What cost order should be made?

  1. Dealing with Supacat’s submission first, it argues that an indemnity costs order in its favour is appropriate in this case because Baker & Provan was wholly unsuccessful in obtaining an order that Supacat give discovery of the 34 categories of documents listed in schedule 1 to its motion.

  2. Supacat also submits that Baker & Provan’s conduct, before and after the hearing, has caused unreasonable delay and expense, arguing that Baker & Provan’s revised list of categories sent on 3 March 2020 was the first genuine attempt by Baker & Provan to properly limit discovery to documents relevant to a fact in issue.

  3. I am not persuaded by Supacat’s submissions that Baker & Provan should pay Supacat’s costs of the discovery motion on an indemnity basis. In my opinion, Supacat could not be considered to be the successful party on the motion. I am also of the view that it was not unreasonable for Baker & Provan to have filed the discovery motion when it did and that it did not conduct the application in a way which justifies an indemnity costs order in favour of Supacat.

  4. As Baker & Provan’s submissions note, at an early stage, Baker & Provan sought to agree discovery categories without the need for any interlocutory dispute. Initially, Supacat rejected that approach on the basis that discovery was unnecessary. That position changed and Supacat later agreed to a timetable for discovery. As to be expected, the parties then sought to negotiate the categories for discovery by each party.
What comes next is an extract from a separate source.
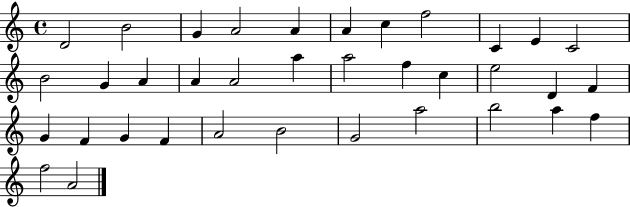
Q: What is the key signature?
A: C major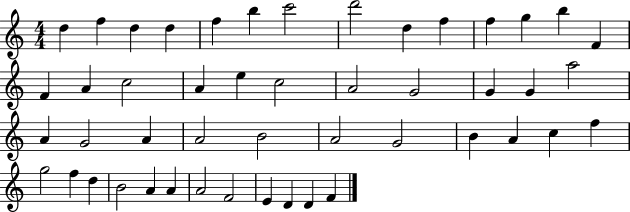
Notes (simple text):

D5/q F5/q D5/q D5/q F5/q B5/q C6/h D6/h D5/q F5/q F5/q G5/q B5/q F4/q F4/q A4/q C5/h A4/q E5/q C5/h A4/h G4/h G4/q G4/q A5/h A4/q G4/h A4/q A4/h B4/h A4/h G4/h B4/q A4/q C5/q F5/q G5/h F5/q D5/q B4/h A4/q A4/q A4/h F4/h E4/q D4/q D4/q F4/q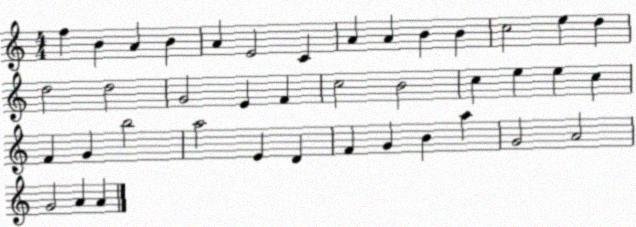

Agreement was reached in respect of the discovery sought by Supacat but not in relation to all of the categories sought by Baker & Provan.

  5. Supacat points to Baker & Provan filing the motion having not responded to comments made by Supacat on the disputed categories. Those comments were made in a letter dated 4 December 2019 sent by Supacat at 3.33pm on the same day Baker & Provan was due to file its discovery application, according to a timetable which Supacat had requested be extended. Supacat’s letter also made clear that it continued to dispute some of the categories because they sought documents which Supacat asserted were not relevant to any fact in issue in the proceedings.

  6. Thus, Baker & Provan’s discovery motion was filed on 9 December 2019 in the context where the parties had attempted but had failed to reach agreement on the categories and where orders had been made and extended requiring the filing of an application around that time.

  7. I also do not consider that Baker & Provan’s conduct prior to and at the hearing of the motion was unreasonable or led to delay or further costs. The refinement of its discovery request to 18 disputed categories responded to matters raised, not only in Supacat’s letter of 4 December 2019, but also to affidavits served by Supacat earlier in February 2020. While some criticism could be levelled at Baker & Provan for making its refinements late in the day, doing so assisted in confining the issues in dispute at the hearing.

  8. As to Baker & Provan’s conduct at the hearing, Baker & Provan’s oral argument focussed on issues of principle and categories by way of example, in the expectation that the Court’s views on those matters might enable the parties to agree the position on the remaining categories. That was a sensible and efficient way to approach the disputes between the parties and assisted in achieving consent orders by way of a final outcome. Baker & Provan also took on board comments from the bench and agreed not to press certain categories of discovery and to revise the others. The arguments it advanced at the hearing were, in my view, plainly arguable and, in some cases, were accepted over Supacat’s contentions.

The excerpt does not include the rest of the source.